R25. Which layers in the Internet protocol stack does a router process? Which layers does a link-layer switch process? Which layers does a host process?

Routers process layers 1 through 3. (This  is a little bit of a white lie, as modern routers sometimes act as firewalls or caching components, and process layer four as well.) Link layer switches process layers 1 through 2. Hosts process all five layers.

R26. What is the difference between a virus, a worm, and a Trojan horse?

a) Virus: Requires some form of human interaction to spread. Classic example: E-mail  viruses.

b) Worms: No user replication needed. Worm in infected host scans IP  addresses and port numbers, looking for vulnerable processes to infect.

c) Trojan horse: Hidden, devious part of some otherwise useful software

Creation of a botnet requires an attacker to find vulnerability in some application or system (e.g. exploiting the buffer overflow  vulnerability that might exist in an application). After finding the vulnerability, the attacker needs to scan for hosts that are vulnerable. The target is basically  to compromise a series of systems by exploiting that particular vulnerability.  Any system that is part of the botnet can automatically scan its environment and propagate by exploiting the vulnerability. An important property of such botnets is that the originator of the botnet can remotely control and issue commands to all the  nodes in the botnet. Hence, it becomes possible for the attacker to  issue a command to all the nodes, that target a single node (for example, all nodes in the botnet might be commanded by the attacker to send a TCP SYN message to the target, which might result in a TCP SYN flood attack at the target). 
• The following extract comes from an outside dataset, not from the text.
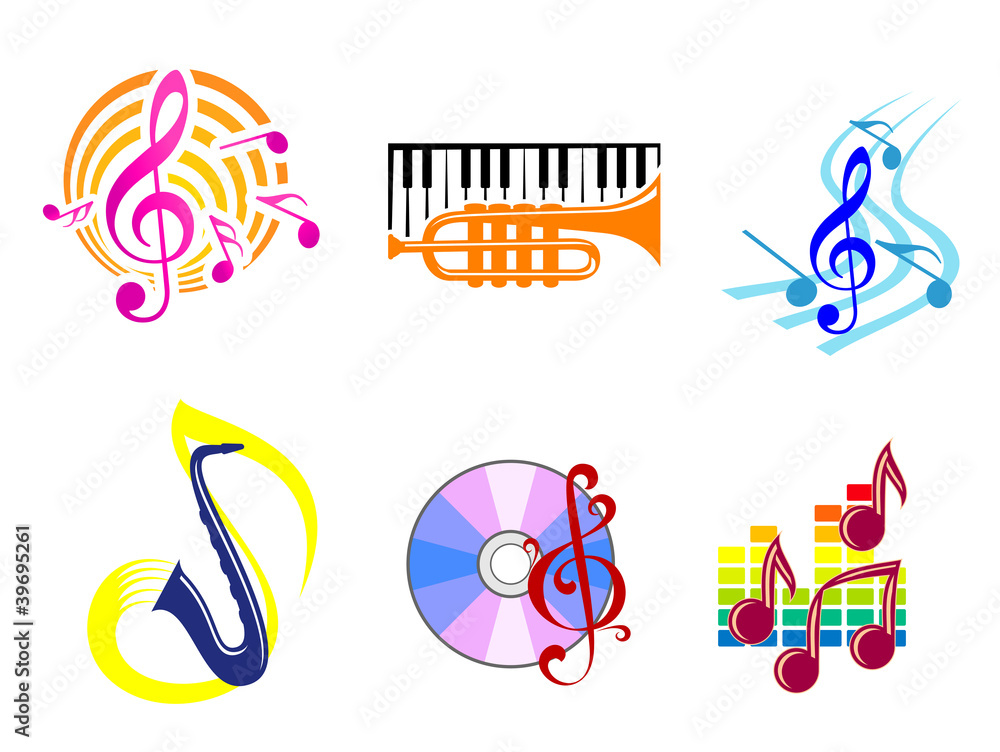 Fototapeta premium Musical symbols and emblems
R28. Suppose Alice and Bob are sending packets to each other over a computer network. Suppose Trudy positions herself in the network so that she can capture all the packets sent by Alice and send whatever she wants to Bob; she can also capture all the packets sent by Bob and send whatever she wants to Alice. List some of the malicious things Trudy can do from this position.

Trudy can pretend to be Bob to Alice (and vice-versa) and partially or completely modify the message(s) being sent from Bob to Alice. For example, she can easily change the phrase “Alice, I owe you  $1000” to “Alice, I owe you $10,000”. Furthermore, Trudy can even drop the packets that are being sent by Bob to Alice (and vise-versa), even if the packets from Bob to Alice are encrypted.